The program will iterate through all 324 picks in the draft

pick_number = 1
drafted_players = []
remaining_players = data.copy()

for picker in draft_order_ids_list:
  drafted_player = generatePick(picker, pick_number, owners, drafted_players, remaining_players)
  updatePositionNeeds(picker, owners, drafted_player)

  [owner for owner in owners if owner['teamId'] == picker][0]['picks'].append(drafted_player)
  drafted_players.append(drafted_player)

  remaining_players = remaining_players[remaining_players['playerId'] != drafted_player['playerId']]
  
  pick_number += 1

# Here we will check how many players each team has drafted at each position
# This will be a small visual check to see the player positions are being factored correctly by each owner
count_results = []
for owner in owners:
  roster = {"0": 0, "1": 0, "2": 0, "3": 0, "4": 0, "5": 0, "11": 0, "14": 0, "15": 0}
  for pick in owner['picks']:
    positions = ast.literal_eval(pick['eligibleSlots'])
    for position in positions:
      if str(position) in roster:
        roster[str(position)] += 1
  roster_map = {"0": "C", "1": "1B", "2": "2B", "3": "3B", "4": "SS", "5": "OF", "11": "DH", "14": "SP", "15": "RP"}
  roster = {roster_map[str(k)]: v for k, v in roster.items()}
  count_results.append({"name": owner['teamName'], "roster": roster})
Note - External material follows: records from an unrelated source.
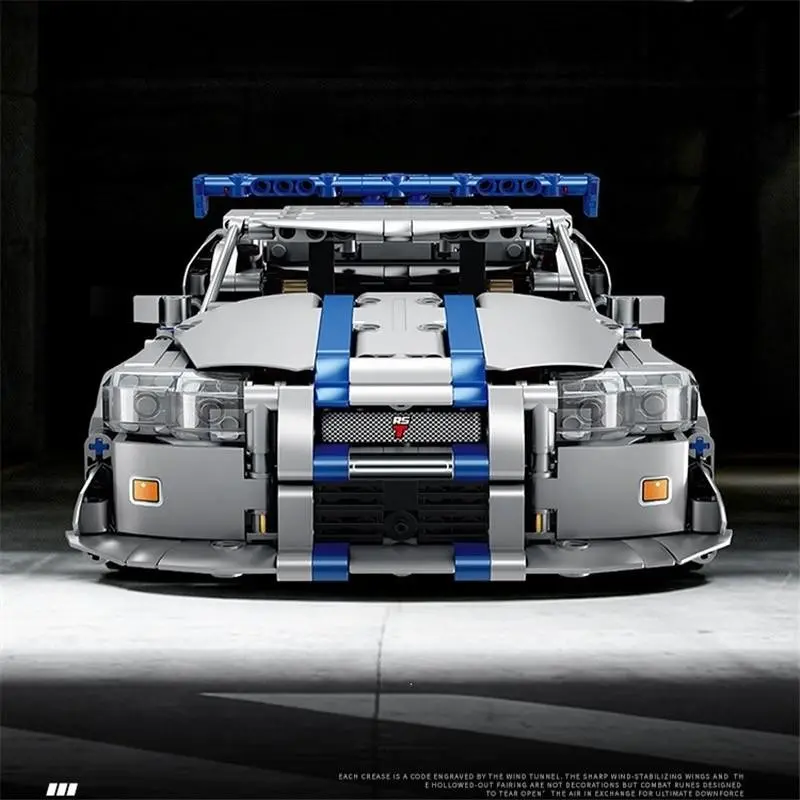 1 JDM Culture Sports Car Building Kit, Iconic Blue Striped Racing Coupe with Detailed Spoiler & Wheels, Brick Toy for Kids Teens 12-18+, Birthday Gift, 2026 Trendy Hobby Choice, Building Block Set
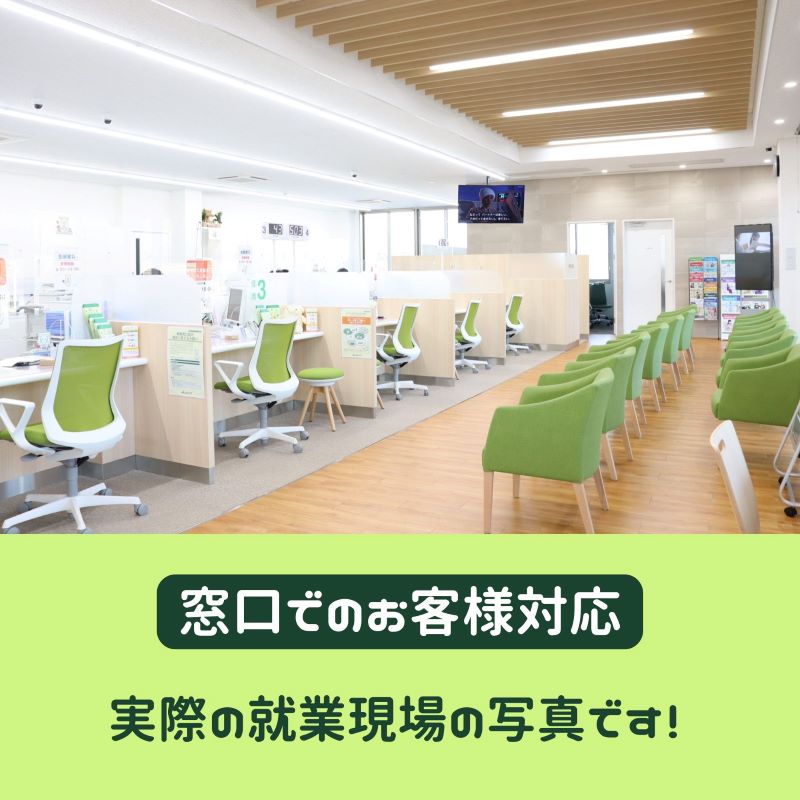 バイト先の写真
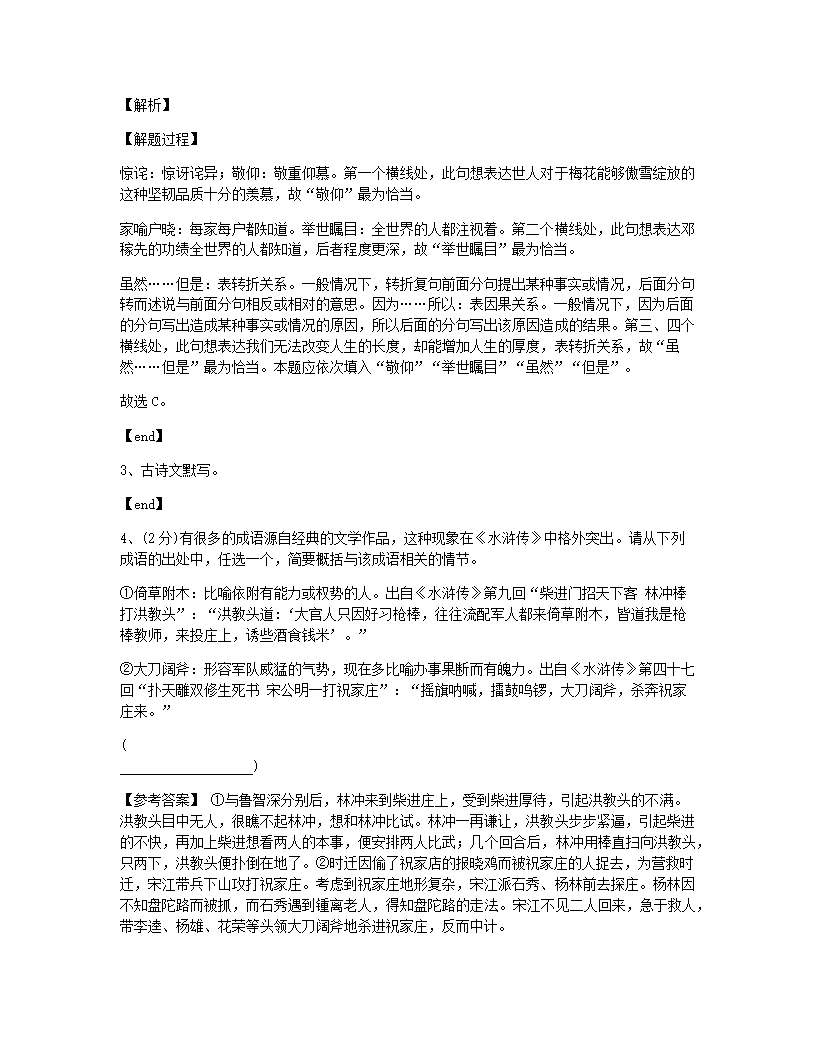 河南省实验中学2020-2021学年九年级上学期月考语文试题.docx第3页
count_results = pd.DataFrame(count_results).set_index('name')
count_results = pd.concat([count_results.drop(['roster'], axis=1), count_results['roster'].apply(pd.Series)], axis=1)
count_results 

	C	1B	2B	3B	SS	OF	DH	SP	RP
name
BG	1	4	1	2	3	8	4	7	3
Vandelay Industries	0	3	1	2	2	4	5	12	4
Big Trains	2	5	3	3	2	6	5	8	4
RIP PAULIE WALNUTS	1	3	2	3	4	5	4	10	2
Loser's Club	1	2	2	3	2	9	4	7	2
Commissioner Gethbot	1	5	7	4	1	7	3	6	2
The Dissenters	0	3	0	2	3	6	2	12	3
2-Time Champ Booch	1	1	4	4	3	8	3	8	3
Pecan Sandies	3	3	3	4	2	9	4	8	1
Nomar Losing	2	2	3	3	2	9	5	7	1
Hot Italian Snausages	3	2	3	3	5	5	7	6	3
Rocket City Trash Pandas	2	2	5	4	1	9	3	8	2

# We will save the draft results to a new json file
owners_list = []
for owner in owners:
  owner_copy = owner.copy()
  # modify data types for serialization
  for pick in owner_copy['picks']:
    pick['playerId'] = int(pick['playerId'])
    pick['draftRank'] = int(pick['draftRank'])
  owners_list.append(owner_copy)

# save the draft results to a json file
with open('analysis/outputs/DRAFT_RESULT.json', 'w') as f:
  json.dump(owners_list, f, indent=2)

Wrapup

At this point we have built a pretty robust prediction algorithm. There are some improvement opportunities such as:

• Some owners left a position open by the end of the draft (positional needs may need a higher weight)
• Additional feature in the draft decision making formula
• Testing throughout for more maintainability
• Operationalize and parameterize for use in a non-notebook setting

I'm happy with the result this far and will consider enhancing to use in future Fantasy Drafts.